Aber Athos hörte nicht auf diesen Rath, sondern stieg auf die Bresche, wandte sich, sein Gewehr in der einen, den Hut in der andern Hand, höflich grüßend an die Soldaten und Arbeiter, welche erstaunt über diese Erscheinung ungefähr fünfzig Schritte vor der Bastei stehen blieben, und rief:

«Meine Herren, einige Freunde und ich sitzen hier in dieser Bastei beim Frühstück. Ihr wißt aber wohl, wie unangenehm es ist, gestört zu werden, wenn man frühstückt: wir bitten Euch also, wenn Ihr unerläßliche Geschäfte hier habt, entweder zu warten bis wir unser Mahl vollendet haben oder später wieder zu kommen, wenn Ihr nicht, was das Heilsamste wäre, Lust habt, die Partei der Rebellen zu verlassen und mit uns auf die Gesundheit des Königs von Frankreich zu trinken.«

«Nimm Dich in Acht, Athos, «jagte d'Artagnan,»siehst Du nicht, daß sie auf Dich anlegen?«

«Allerdings, «erwiederte Athos,»aber es sind Bürger, die sehr schlecht schießen und mich gewiß nicht treffen werden.«

Es wurden in der That in demselben Augenblick vier Flintenschüsse abgefeuert und die Kugeln schlugen um Athos her an die Mauern, aber keine traf ihn.

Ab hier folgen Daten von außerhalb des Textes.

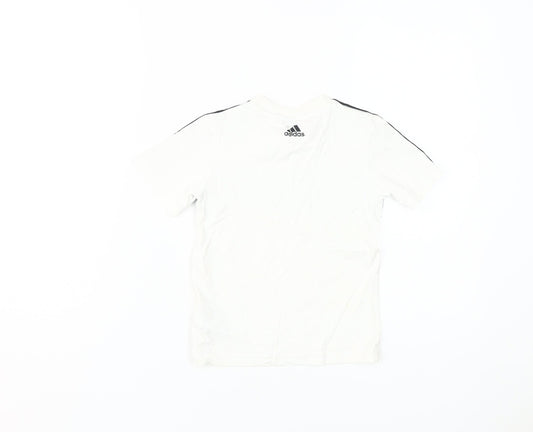 Adidas Boys White Graphic T-Shirt, Size 5-6 Years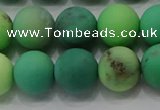 CAA1152 15.5 inches 8mm round matte grass agate beads wholesale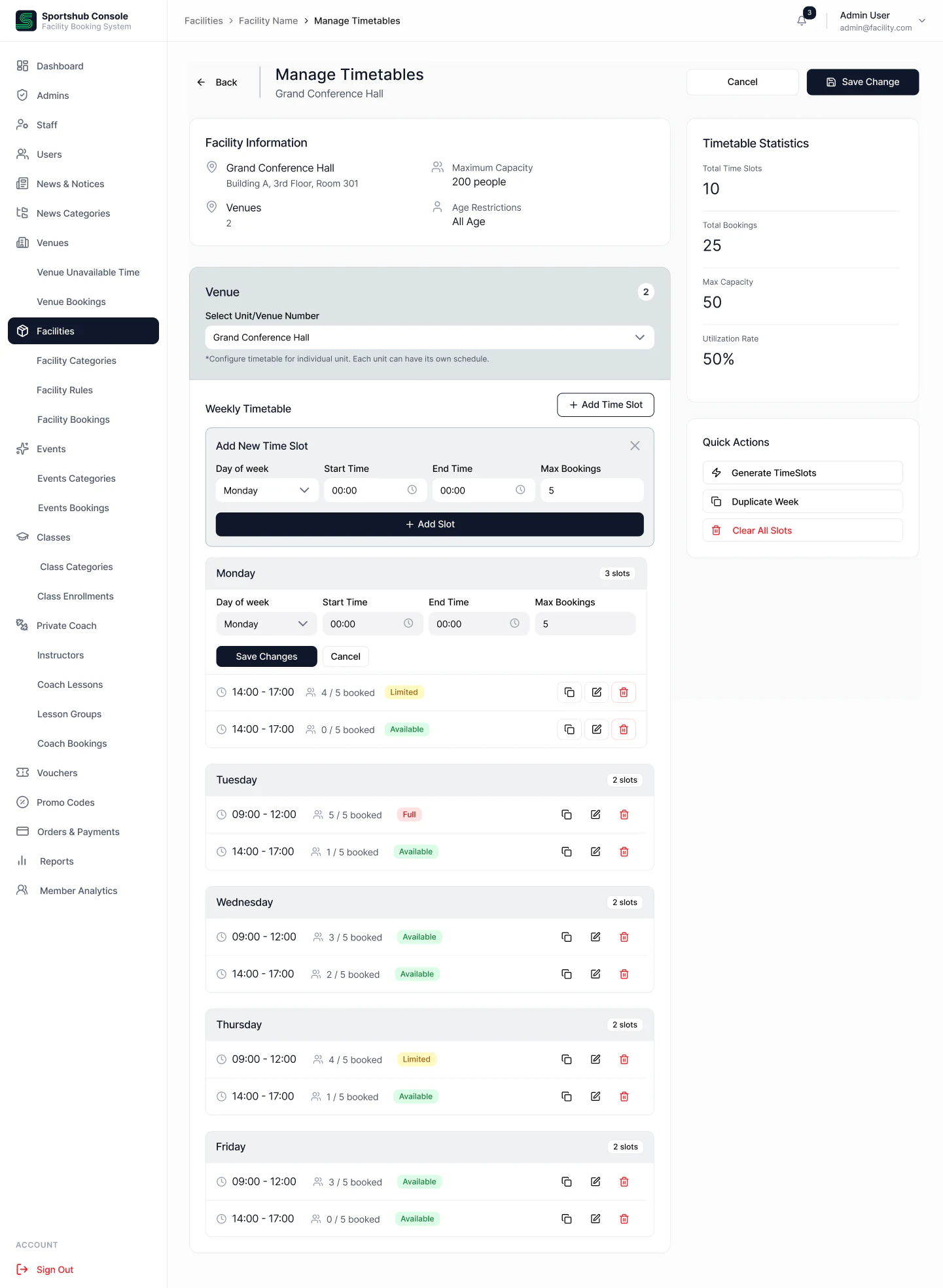 Sportshub CMS timetable management with weekly slots, booking limits and venue statistics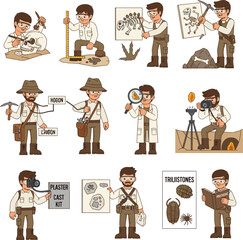 Paleontologist character collection with dinosaur fossils and tools © Ferryarmando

Vier Schüsse antworteten ihnen beinahe in derselben Sekunde, aber unsere Freunde hatten besser gezielt, als die Angreifenden: drei Soldaten stürzten maustodt nieder und ein Arbeiter war verwundet.

«Grimaud, eine andere Muskete, «sagte Athos, immer noch auf der Bresche stehend.

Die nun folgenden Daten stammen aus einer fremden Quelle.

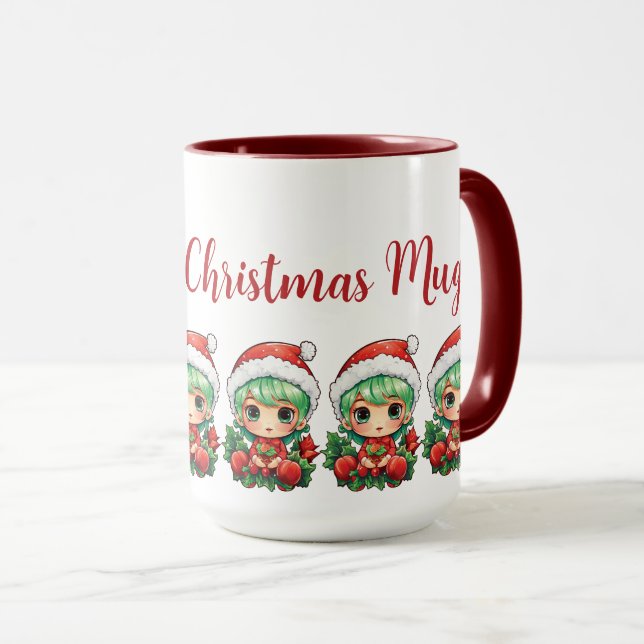 Taza Niña Elf Xmas Magia Personalizada (Anverso derecho)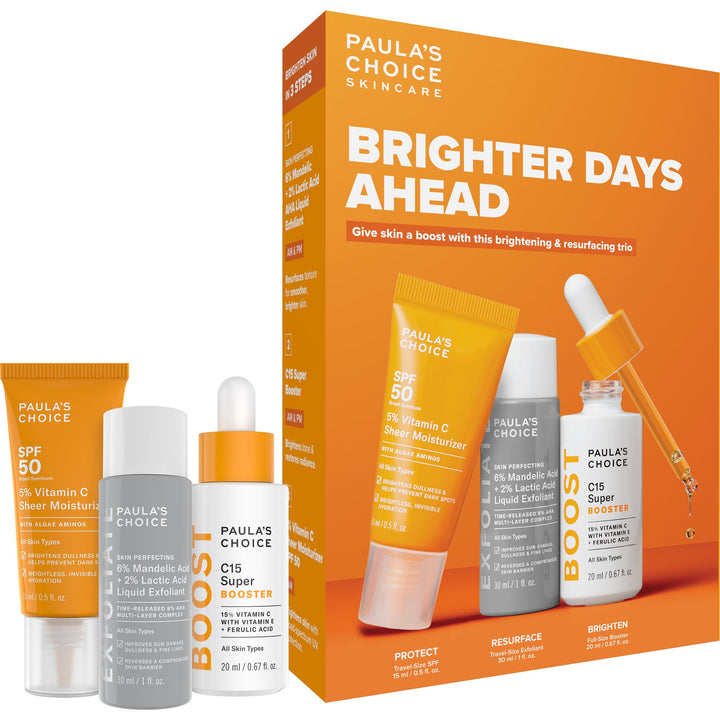 Paula's Choice front packaging showing the three-piece brightening kit benefits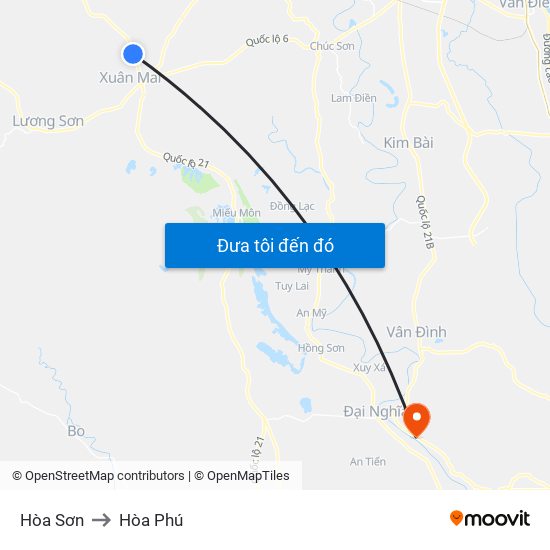 Hòa Sơn to Hòa Phú map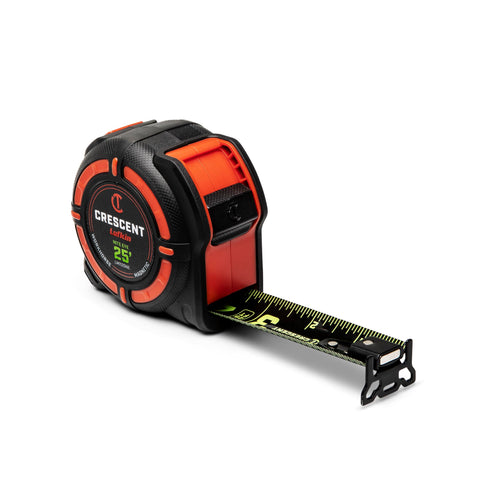 Crescent WORKHORSE 25ft NITE EYE blade durability barrier reducing rips.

Grimaud gehorchte sogleich. Die drei Freunde hatten ihre Gewehre selbst wieder geladen, der Brigadier und zwei Pionniere wurden todt zu Boden gestreckt, der Rest der Truppe ergriff die Flucht.

«Auf! meine Herren, einen Ausfall, «rief Athos.

Und die vier Freunde stürzten aus dem Fort hervor, gelangten bis zum Schlachtfeld, rafften die vier Musketen der Soldaten und die Halbpike des Brigadiers auf, und zogen sich, überzeugt, daß die Fliehenden erst in der Stadt anhalten werden, mit ihren Siegestrophäen in die Bastei zurück.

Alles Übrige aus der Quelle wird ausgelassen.